Isaac Plains Underground progress has been centred around the detailed 3D seismic and drilling program to de-risk the project. The company is still anticipating a BFS progression decision based on the business case during Q2 FY2018.

Market and Pricing

Continued upward pressure on coal prices during 2017 provides the Company with an optimistic outlook for coal prices during FY2018. The Q1 FY2018 benchmark Hunter Valley semi-soft coking coal price was set at US$126 per tonne, with the Q2 FY2018 benchmark price expected to be settled shortly.

The Company is well positioned to benefit from the strong outlook for coking coal prices in H2 FY2018 with available coal stocks at 258kt at 30 June 2017, and continued improvements in mining performance projected.

Stanmore Managing Director, Dan Clifford, said the progression from an acquisition of an asset on care and maintenance in the previous year into a reliable, safe and consistent producer of metallurgical coal has positioned the company well to generate cash from existing operations and continue the development of the Isaac Plains Complex into an asset of significant value for our shareholders.
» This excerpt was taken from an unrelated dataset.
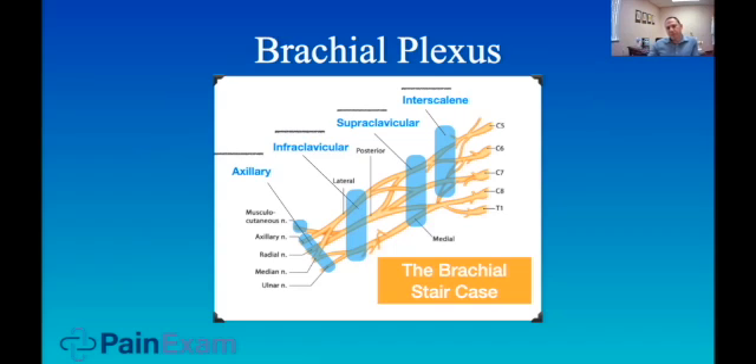In the interscalene fossa, you're not getting C8 and T1. Therefore, you would never use this block for a surgery in which C8 and T1 need to be covered — for instance, something involving the ulnar nerve, because the ulnar nerve gets fibers from C8 to T1. The supraclavicular is pretty comprehensive. The infraclavicular is comprehensive with a couple of exceptions, which we'll get into soon, and so on with the axillary.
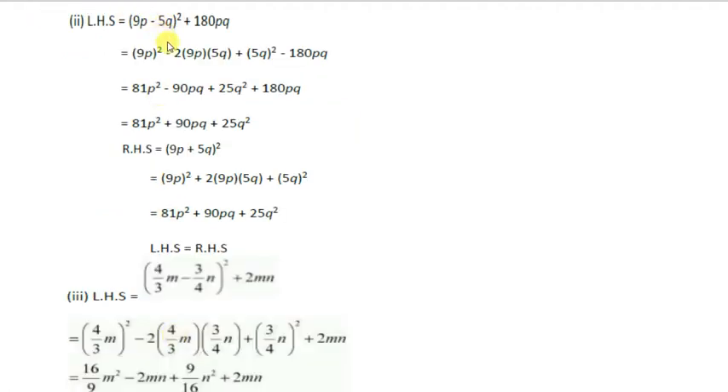Next part: (9p - 5q)² + 180pq. We apply the (a - b)² formula: a² minus 2ab plus b². In place of a we have 9p and in place of b we have 5q. So it becomes 81p² — because (9p)² is 81p² — minus 2 times 9p times 5q which gives 90pq, plus (5q)² which is 25q².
'The business results stemming from investment into efficiency improvements, control and operational performance has demonstrated the validity of the investment plan. The coming together of the company's team, our contract partners and stakeholders has resulted in the company achieving our production and cost guidance targets for the year'

'Now with our sights set on the future, the performance of our team and the asset will enable the company to identify and execute further value accretive opportunities. With an underpinning core value of ensuring our people, and that of the environment, health and wellbeing are protected, our focus is very clearly set on fully utilising the assets we have in hand'

'Bringing on of low cost production from Isaac Plains East and other coal source opportunities to fully feed our infrastructure will create significant value. With this, we are positioned well in the metallurgical coal arena with favourable market conditions and a strengthening balance sheet'


Dan Clifford

Tel: 07 3238 1000


Stanmore Coal operates the Isaac Plains coking coal mine in Queensland's prime Bowen Basin region. Stanmore Coal owns 100% of the Isaac Plains mine and the adjoining Isaac Plains East Project. The company is focused on the creation of shareholder value via the efficient operation of Isaac Plains, timely development of Isaac Plains East Project and identification of further development opportunities within the region. In addition, Stanmore Coal holds a number of high quality development assets in both coking and thermal coal located in the Queensland's Bowen and Surat Basins.